Courts have traditionally ruled that citizens can’t expect privacy after they’ve given up their data to a third party like a phone company. But Wessler, who argued Carpenter’s case in today’s hearing, says the Fourth Amendment requires police to either request warrants before they can access location data, or limit requests to a more specific period of time.

“That just can’t be the right choice.”

“The choice that Americans have is to either opt out of society totally to protect privacy or to give up all of our privacy rights in order to be modern human beings,” said Wessler to The Verge. “That just can’t be the right choice.”

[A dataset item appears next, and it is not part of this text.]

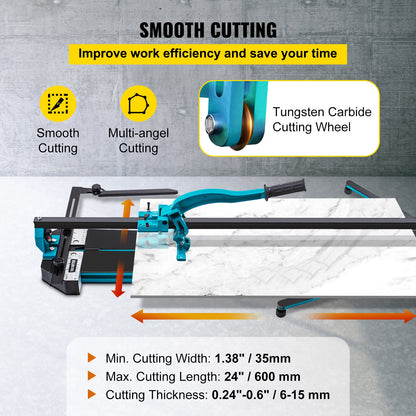 Manual Tile Cutter, 24 inch, Porcelain Ceramic Tile Cutter with Tungsten Carbide Cutting Wheel, Infrared Positioning, Anti-Skid Feet, Durable Rails for professional installers or beginners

Many of the justices listening to the case today seemed sympathetic, according to George Washington University law professor Orin Kerr who hosted a post-mortem analysis on the Lawfare page on Facebook Live. “It was a good day for Carpenter but not in the way that he was arguing,” said Kerr. His prediction is that the justices, including Sonia Sotomayor, will ultimately rule in favor of Carpenter through some combination of privacy theories.

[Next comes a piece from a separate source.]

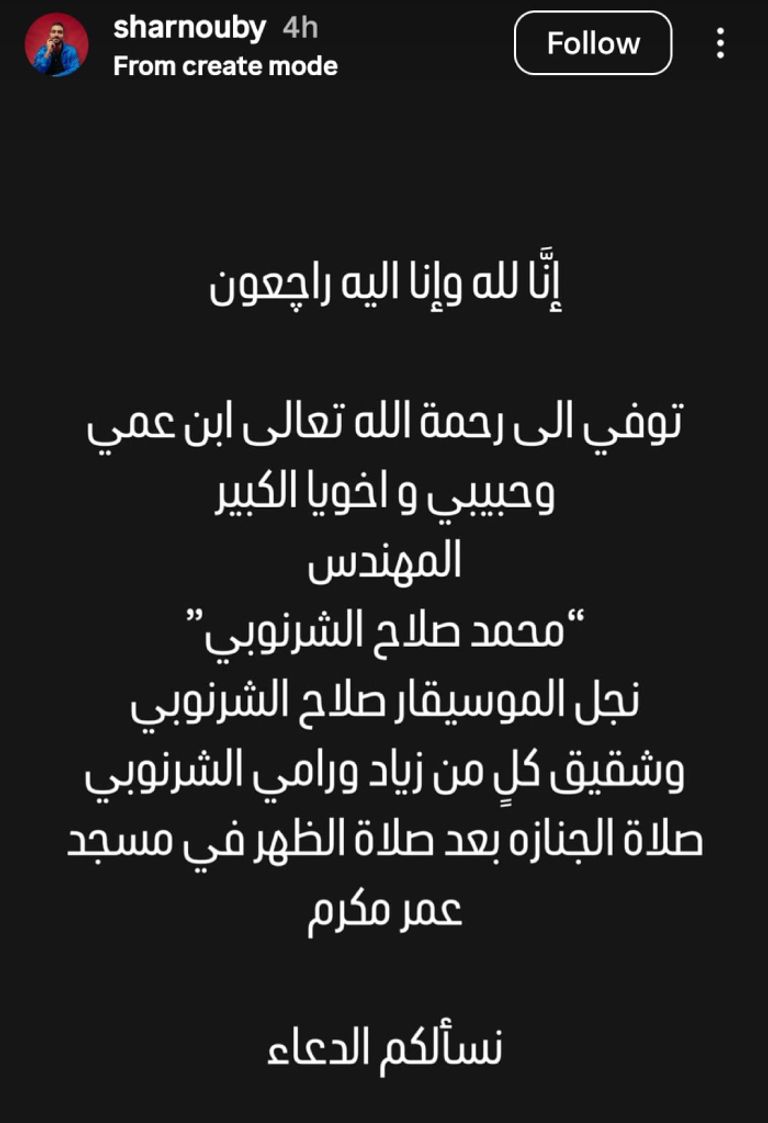 وفاة محمد صلاح الشرنوبي وفاة محمد صلاح الشرنوبي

For instance, during the questioning of the US defendant, Sotomayor asked, “If it's not okay to put a beeper into someone's bedroom, why is it okay to use the signals that phone is using from that person's bedroom, made accessible to law enforcement without probable cause?”

Justices Samuel Alito and Anthony Kennedy seemed less sympathetic to Carpenter’s case. Alito compared location data to bank records, which can be obtained without a warrant, and are arguably more personal. Kennedy agreed, saying that unlike bank records, “your whereabouts are publicly known. People can see you. Surveillance officers can follow you.”

This past August, major tech companies like Verizon, Twitter, Google, Apple, Facebook, and Microsoft signed an amicus (“friend-of-the-court”) brief, backing Carpenter’s side. The brief stated that “the Court should forgo reliance on outmoded rules that make little sense when applied in the digital context.”

A decision is expected in the first half of next year.